When boards reward the wrong results, consumers lose out.

November 2016

The past few years haven't been great for corporate behaviour. We have seen established global firms doing things that should see them closed down, for good.

Volkswagen was caught selling vehicles that contained a 'defeat device' – or software that allowed them to detect when they were being tested and change their performance to produce better results in emissions tests. This was no small matter – VW has admitted that the device is fitted in about 11 million cars worldwide.

And then Samsung launched the Galaxy Note 7 smartphone on 19 August, beating the latest iPhone to market. Within less than two months, at least 35 of the phones had exploded while being charged, resulting in a global recall.

While CHOICE has rightly made a lot of noise about Samsung's incendiary toploader washing machines, the Galaxy Note 7 debacle was on a whole other scale, involving an estimated 1 million handsets.

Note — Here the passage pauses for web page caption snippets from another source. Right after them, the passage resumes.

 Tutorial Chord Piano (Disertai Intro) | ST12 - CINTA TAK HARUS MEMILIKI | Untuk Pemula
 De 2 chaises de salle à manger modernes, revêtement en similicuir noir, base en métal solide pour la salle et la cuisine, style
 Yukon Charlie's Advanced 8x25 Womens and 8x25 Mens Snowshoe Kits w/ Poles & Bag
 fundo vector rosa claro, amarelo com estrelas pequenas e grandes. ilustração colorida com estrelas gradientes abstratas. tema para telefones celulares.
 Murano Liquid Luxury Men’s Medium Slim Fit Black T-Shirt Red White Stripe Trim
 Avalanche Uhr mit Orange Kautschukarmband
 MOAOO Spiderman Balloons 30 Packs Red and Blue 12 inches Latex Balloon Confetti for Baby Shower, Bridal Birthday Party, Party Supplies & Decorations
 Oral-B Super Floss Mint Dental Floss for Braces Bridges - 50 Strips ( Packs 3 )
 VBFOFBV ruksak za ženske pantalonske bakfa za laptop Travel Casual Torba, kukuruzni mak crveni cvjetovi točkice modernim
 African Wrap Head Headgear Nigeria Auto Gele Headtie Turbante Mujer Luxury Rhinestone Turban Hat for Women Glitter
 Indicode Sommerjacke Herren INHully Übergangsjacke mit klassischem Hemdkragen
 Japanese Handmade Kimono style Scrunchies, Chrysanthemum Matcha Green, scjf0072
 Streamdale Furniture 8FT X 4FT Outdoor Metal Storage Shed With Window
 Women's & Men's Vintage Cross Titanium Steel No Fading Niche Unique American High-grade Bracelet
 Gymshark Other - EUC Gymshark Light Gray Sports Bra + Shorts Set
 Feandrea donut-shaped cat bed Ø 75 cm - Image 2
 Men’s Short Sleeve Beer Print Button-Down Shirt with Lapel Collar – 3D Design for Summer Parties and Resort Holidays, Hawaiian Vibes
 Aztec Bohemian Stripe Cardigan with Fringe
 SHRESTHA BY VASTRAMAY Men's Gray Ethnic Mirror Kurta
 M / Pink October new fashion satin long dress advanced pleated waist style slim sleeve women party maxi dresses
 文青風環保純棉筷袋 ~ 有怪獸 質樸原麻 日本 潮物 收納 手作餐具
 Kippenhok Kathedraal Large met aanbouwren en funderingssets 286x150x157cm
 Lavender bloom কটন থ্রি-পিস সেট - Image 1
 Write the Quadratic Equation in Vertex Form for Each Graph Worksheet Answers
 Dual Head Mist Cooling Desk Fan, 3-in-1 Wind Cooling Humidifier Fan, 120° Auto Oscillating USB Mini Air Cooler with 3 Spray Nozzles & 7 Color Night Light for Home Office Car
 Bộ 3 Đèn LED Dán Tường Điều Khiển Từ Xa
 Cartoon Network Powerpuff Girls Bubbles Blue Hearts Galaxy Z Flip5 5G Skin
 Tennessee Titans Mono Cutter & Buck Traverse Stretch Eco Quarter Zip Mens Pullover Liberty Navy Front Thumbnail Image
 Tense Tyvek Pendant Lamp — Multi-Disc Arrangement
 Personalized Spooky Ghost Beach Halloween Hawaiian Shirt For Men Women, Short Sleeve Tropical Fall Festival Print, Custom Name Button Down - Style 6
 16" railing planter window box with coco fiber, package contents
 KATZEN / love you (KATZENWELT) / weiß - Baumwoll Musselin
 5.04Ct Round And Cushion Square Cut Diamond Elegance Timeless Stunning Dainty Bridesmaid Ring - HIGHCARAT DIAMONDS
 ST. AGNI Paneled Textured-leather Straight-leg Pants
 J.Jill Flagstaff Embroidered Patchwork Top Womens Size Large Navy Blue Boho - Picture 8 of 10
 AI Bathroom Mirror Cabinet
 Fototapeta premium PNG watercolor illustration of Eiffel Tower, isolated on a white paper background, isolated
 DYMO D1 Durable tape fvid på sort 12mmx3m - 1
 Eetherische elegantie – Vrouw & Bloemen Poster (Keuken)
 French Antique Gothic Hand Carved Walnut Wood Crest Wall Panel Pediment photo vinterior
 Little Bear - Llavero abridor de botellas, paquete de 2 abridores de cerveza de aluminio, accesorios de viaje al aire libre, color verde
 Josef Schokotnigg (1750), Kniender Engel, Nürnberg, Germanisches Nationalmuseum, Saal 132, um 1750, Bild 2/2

Samsung didn't come to this recall easily. When phones first started exploding and CHOICE encouraged consumers to demand a refund, Samsung sent in the lawyers, arguing that we should tell consumers they could take a replacement handset instead. Those replacements are now being recalled after reports that some also exploded.

You've got to ask how mistakes on this scale can be allowed to happen. There have got to be senior people who were involved in these decisions and were at least wilfully blind to the risks to which they were exposing consumers.

The answer is that people are paid to make decisions like this. Maybe not directly, but senior executives receive incentives based on sales volumes, profit growth and share price. As long as these metrics are moving in the right direction, nobody questions them.

We've seen exactly the same problem close to home. The recent ASIC investigation of the life insurance industry found that some insurers were declining as much as 37% of total and permanent disability insurance claims (compared to an industry average of 16%).

While a bad insurance policy won't cause a house fire, we'd say that if insurance premiums are eating away at your super with little chance that you'll ever see a benefit, then the insurance policy is an unsafe product.

The executives overseeing those insurance businesses were no doubt being feted for the spectacular results they were producing. Hopefully they are now scrambling to clean up their act before they are named by ASIC.

But we shouldn't have to wait for a scandal for consumers to be treated well. CEOs and boards should reward executives for performance that achieves sustainable growth, by looking after customers.

Positive customer outcomes can be measured and rewarded, but this will only happen if boards decide that this is as important as the bottom line.